#140:散開で候(あるいは、ここは地の獄/流されて/¡Ole!)
「たぁへるあなとみおかせいしこうじょぁぁぁぁぉぉぉぉぉぉぅっ!!」
諸々あったが、本局は<先手:89,111pt VS 後手:112,022pt>にて決着した。
……私のDEPの何がこうまで評価されたのかは分からぬまま。しかし体感としては、喉の奥の小さな毛玉を吐き出せたような気がしていた。いや、毛玉を吐き出したことなどないが。
だがやはり。日本語とはかくも美しき言語なり。口にするそばから、唇がまるで楽しげなる歌を口ずさむかのように踊るのである。さなる言葉を、それを生み出されし地にて紡ぎ出し、そしてそれを評価される……考えてみれば、これほど高揚することなどないのではないだろうか。
この国で私は、姫様、おばば様の為も無論そうではあるが、それに加えて「自分」の為に何かを為さんとしているのだろうか。何かに、操られるように。
「……」
いかんいかん、そのような感慨らしき思考にふけるのは後で良い。今はこの場を乗り切る……ただそれだけである。目の前の妖艶なる女性は、ふと我に返った顔をすると、艶然たる笑みを浮かべてこちらを見やってきて、そして。
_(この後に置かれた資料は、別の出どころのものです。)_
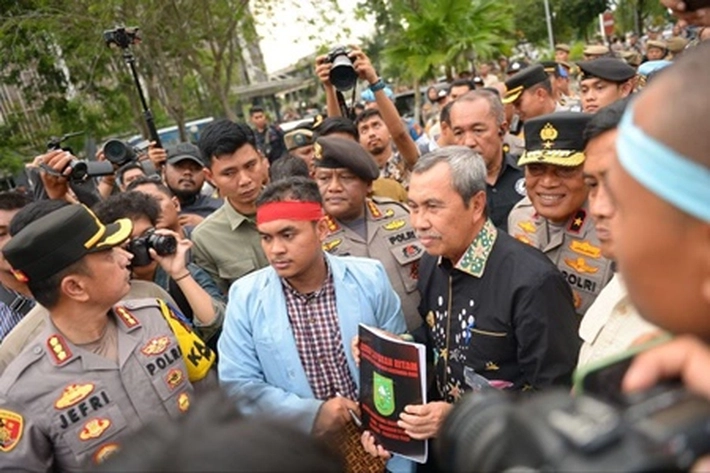 Mahasiswa Unri Turun ke Jalan Berdemo Juga Sampaikan 9 Tuntutan Dihadapan Gubri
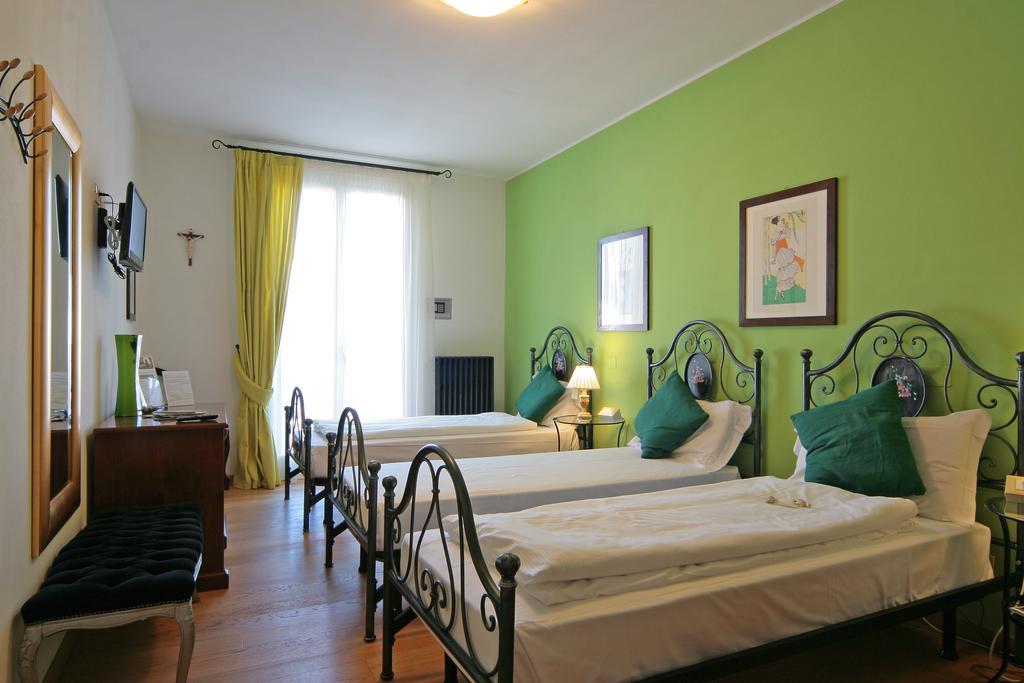 Dreibettzimmer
「……フフフフ……何とも。男前の方こそ、警戒すべき『獣』かも知れないわねぇ……見える。アナタの背負いし『獣字』は『兇』。……『兇獣』!! ひとまずはそう呼んでおこうかしらねぇ……」
チギラクサ嬢はそのような、またも私にとっては理解が二毛ほどしか至らぬ言葉を、妖艶きわまる唇から吐き出したのだが。
<先手:棄権勧告:20,000pt差ハ、並ノ括約筋デハ耐エラレナイ>
「運営」による意図かどうかは知らぬが、何故かそこだけは、私でもかなり昔を思わせるほどの人工音声で告げてきたわけであり。
「……『獣』は『獣』に惹かれ合う。それだけは真実。それだけが真実……」
その勧告にも耳を貸さずに、何事かをぶつぶつと呟いていたチギラクサ嬢だったが、相当きつめらしき「折檻電流」とやらに貫かれたのか、冒頭の形容しかねる叫び声を上げ、果てた。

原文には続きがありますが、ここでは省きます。